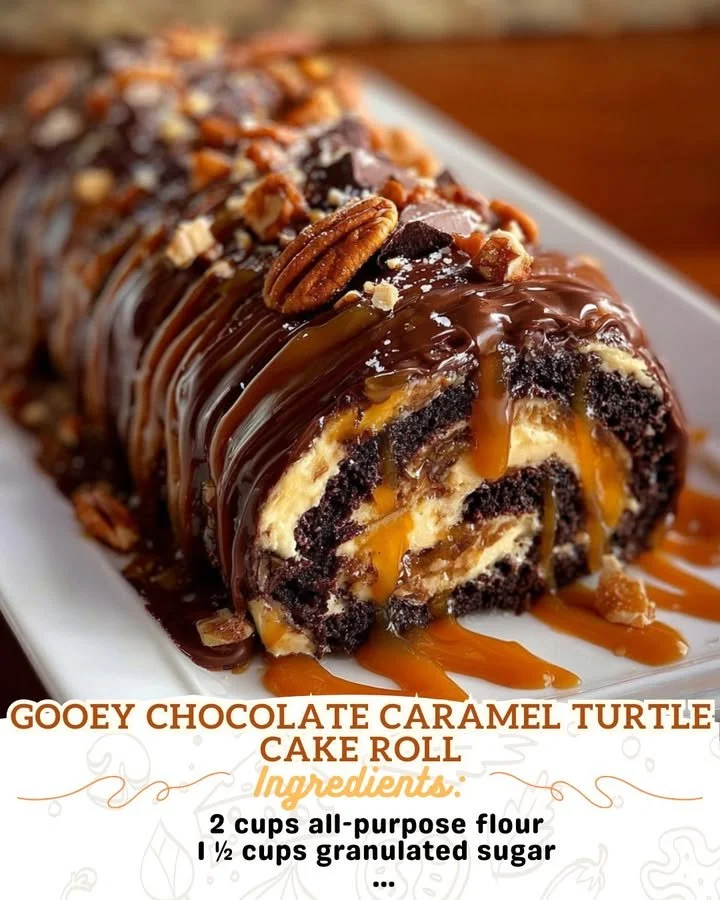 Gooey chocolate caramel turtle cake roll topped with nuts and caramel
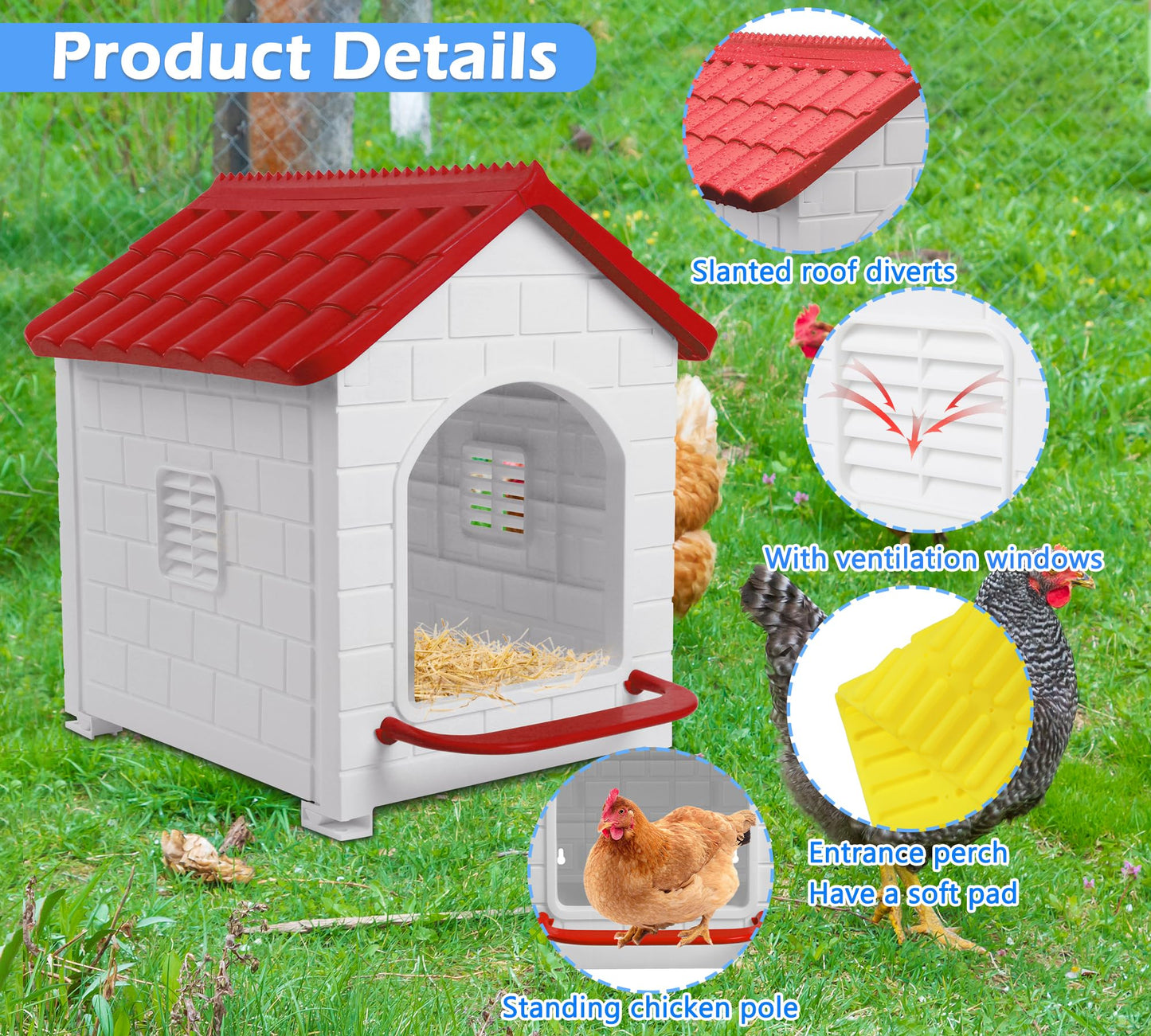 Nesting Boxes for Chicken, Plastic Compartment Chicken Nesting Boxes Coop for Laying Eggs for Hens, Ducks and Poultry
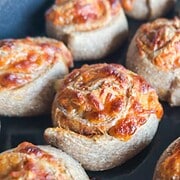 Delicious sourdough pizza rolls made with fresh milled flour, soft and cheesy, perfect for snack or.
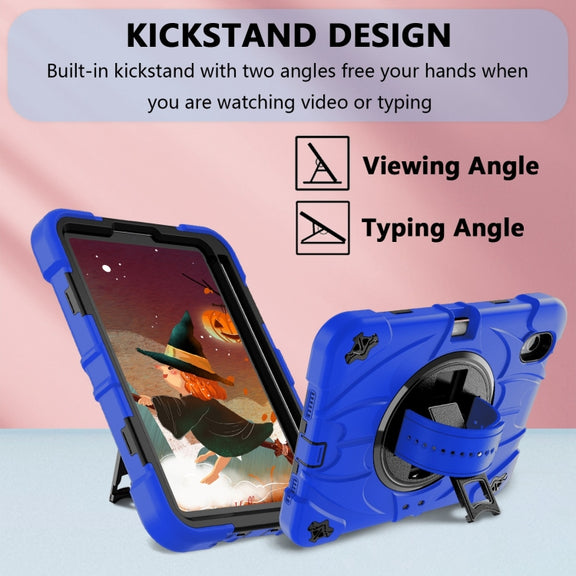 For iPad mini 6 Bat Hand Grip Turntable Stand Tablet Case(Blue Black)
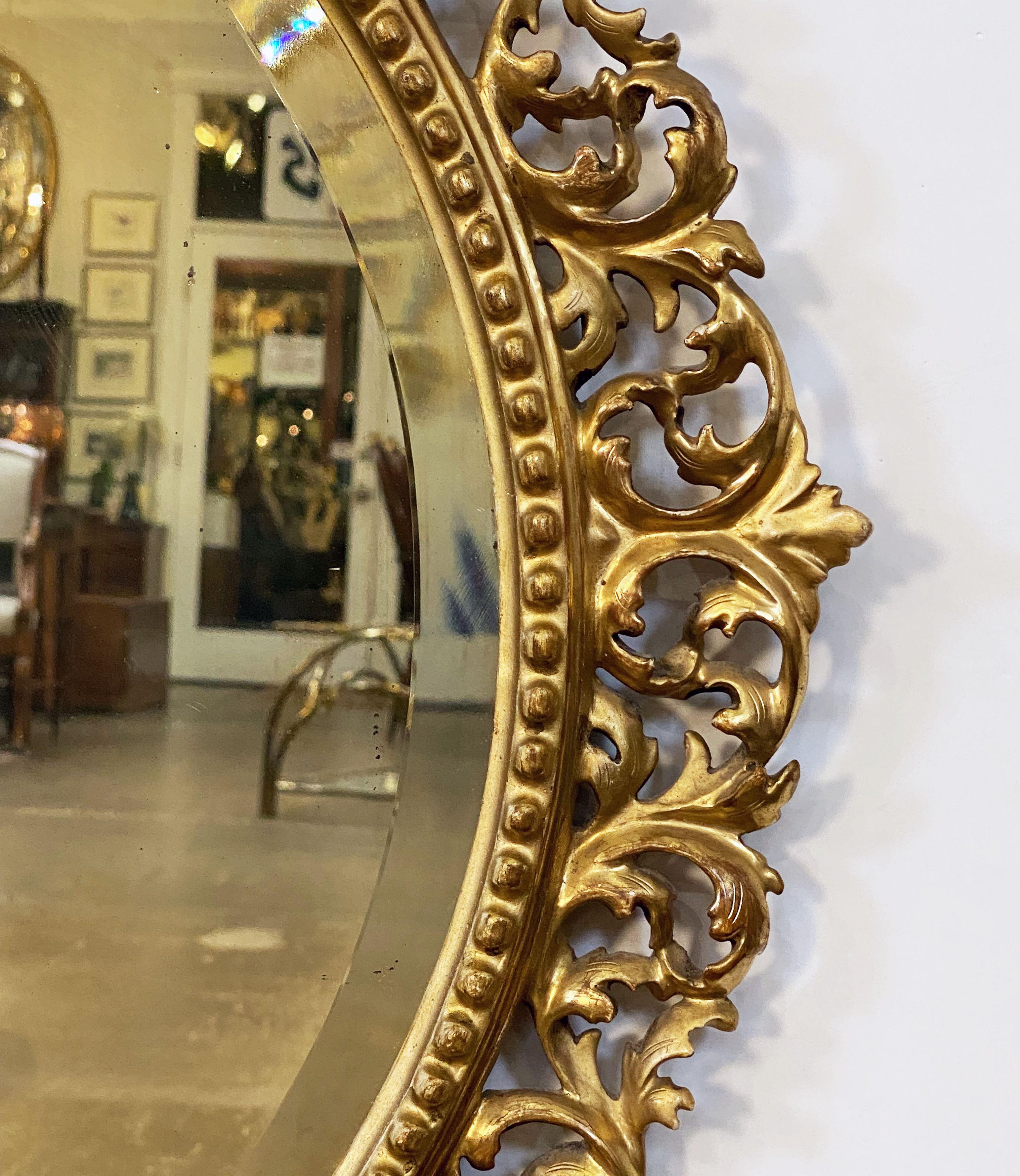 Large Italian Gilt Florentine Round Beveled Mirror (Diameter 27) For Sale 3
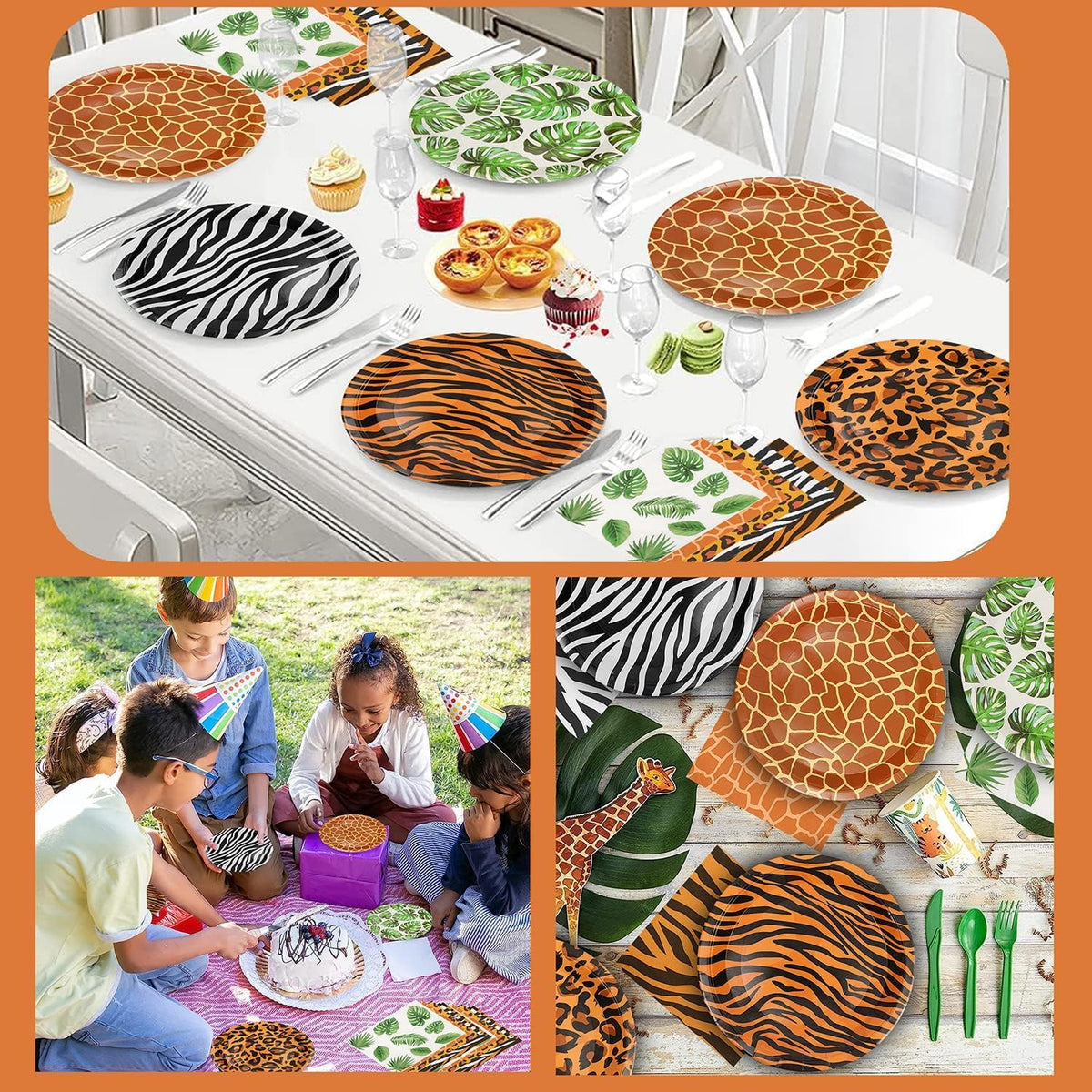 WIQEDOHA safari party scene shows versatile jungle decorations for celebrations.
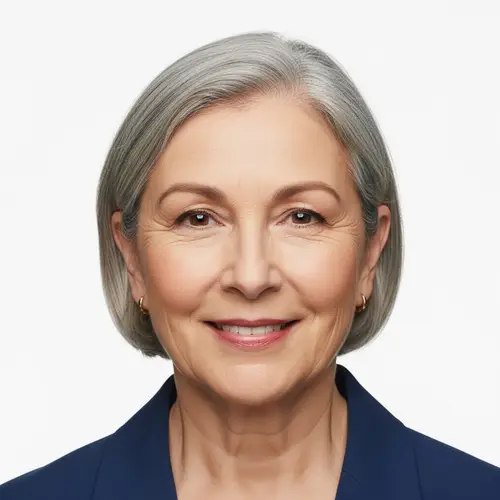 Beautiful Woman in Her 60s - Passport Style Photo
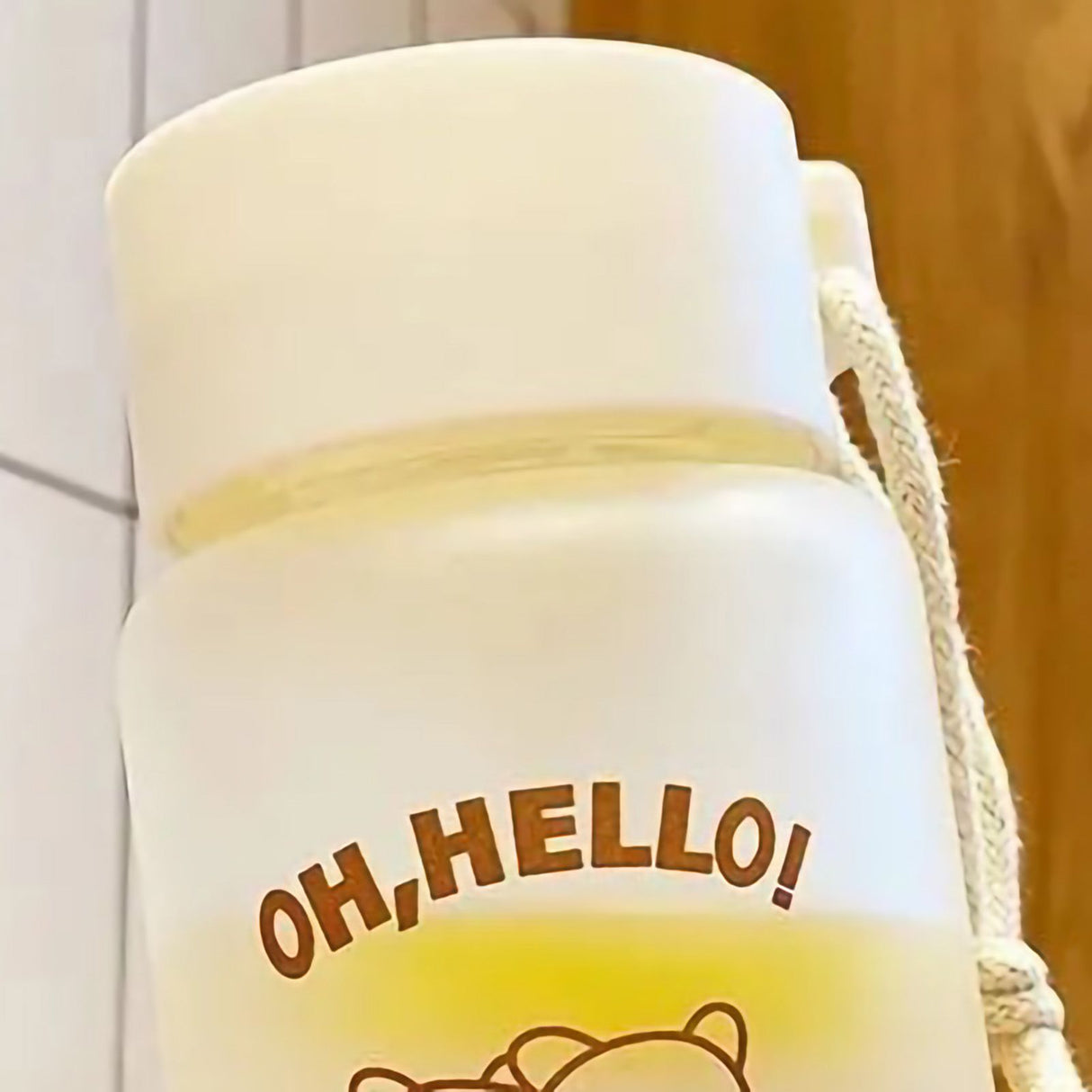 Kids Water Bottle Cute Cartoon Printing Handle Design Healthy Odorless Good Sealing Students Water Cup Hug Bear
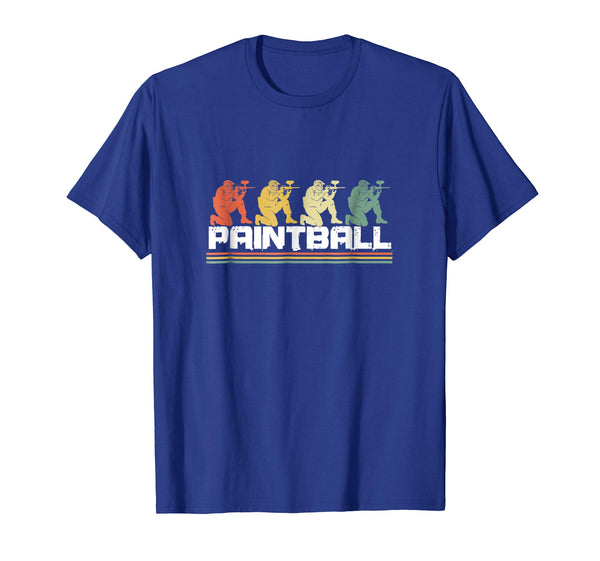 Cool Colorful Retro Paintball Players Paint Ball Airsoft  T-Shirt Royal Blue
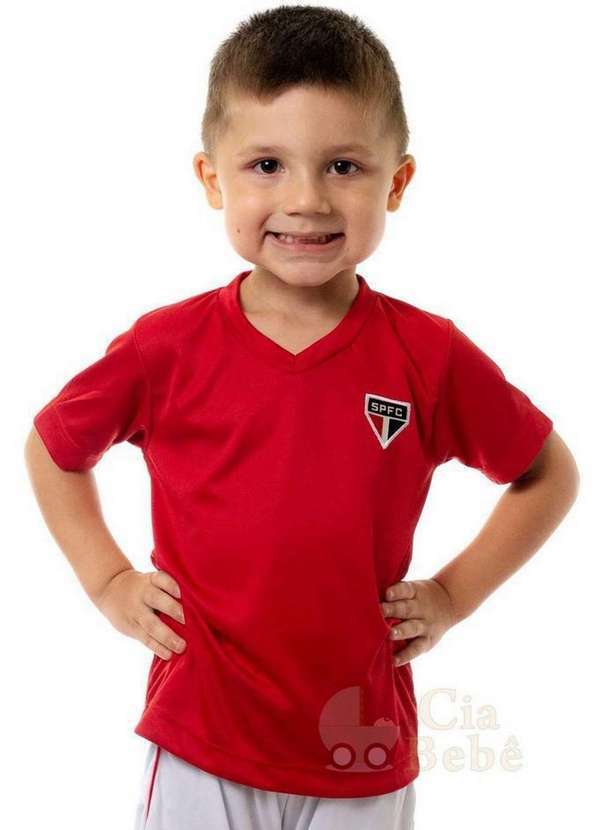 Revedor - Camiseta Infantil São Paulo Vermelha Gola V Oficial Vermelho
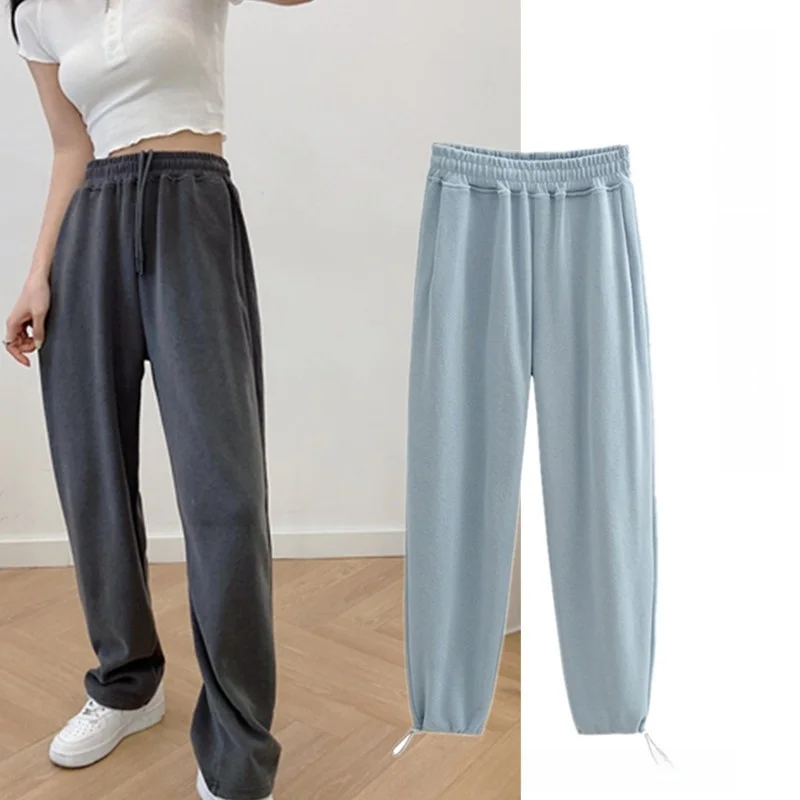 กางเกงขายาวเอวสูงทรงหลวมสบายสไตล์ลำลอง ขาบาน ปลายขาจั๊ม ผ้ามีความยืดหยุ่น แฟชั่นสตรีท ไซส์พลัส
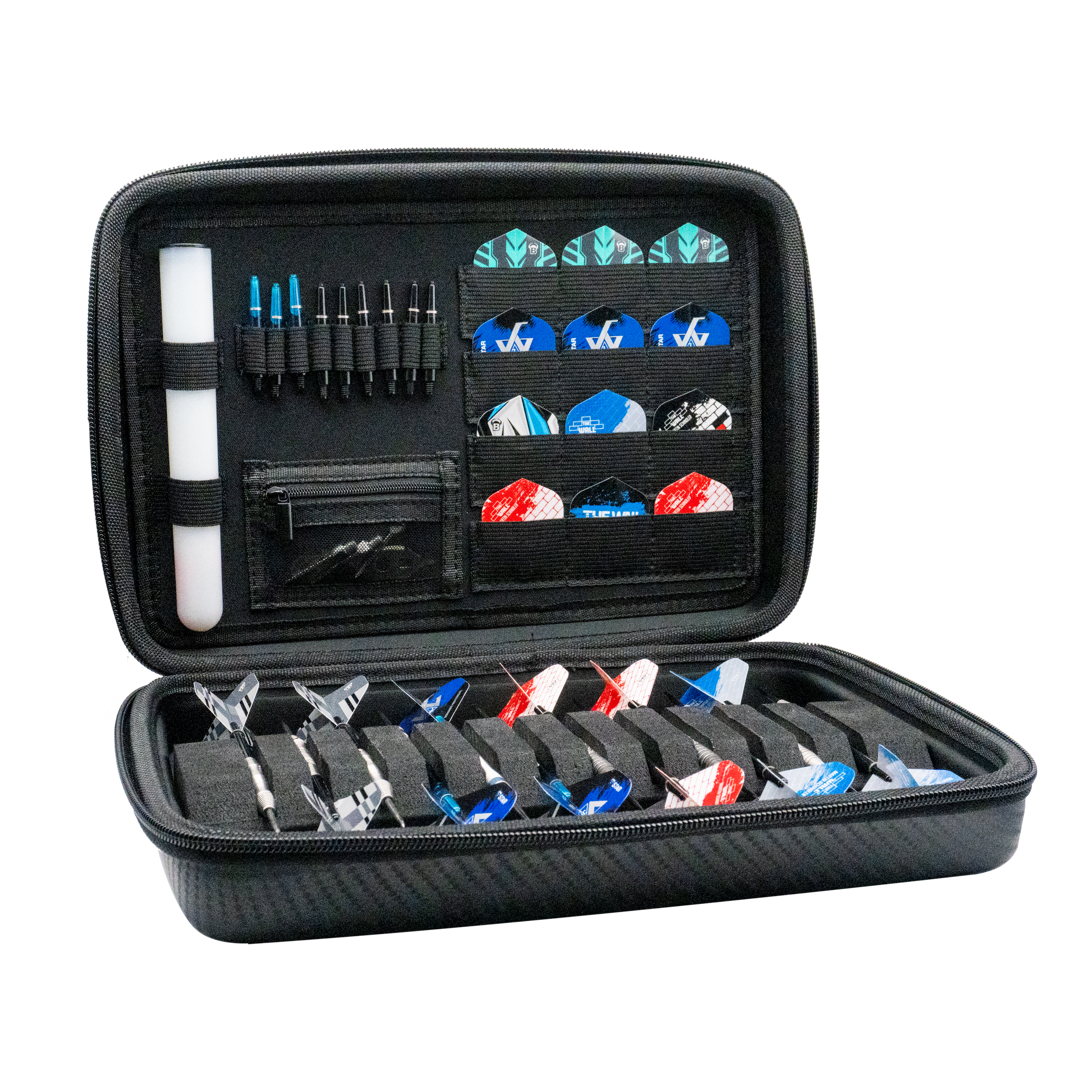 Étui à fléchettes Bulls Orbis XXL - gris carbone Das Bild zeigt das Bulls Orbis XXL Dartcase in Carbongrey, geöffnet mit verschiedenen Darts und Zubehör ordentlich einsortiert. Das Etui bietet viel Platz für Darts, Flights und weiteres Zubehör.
• • • •
■ **Task objective**
Exactly reproduce the lines that run from the first line of the listing above to the line containing "Delicious sourdough pizza", including both; omit the pictures.

■ **Written response**
 Gooey chocolate caramel turtle cake roll topped with nuts and caramel
 Nesting Boxes for Chicken, Plastic Compartment Chicken Nesting Boxes Coop for Laying Eggs for Hens, Ducks and Poultry
 Delicious sourdough pizza rolls made with fresh milled flour, soft and cheesy, perfect for snack or.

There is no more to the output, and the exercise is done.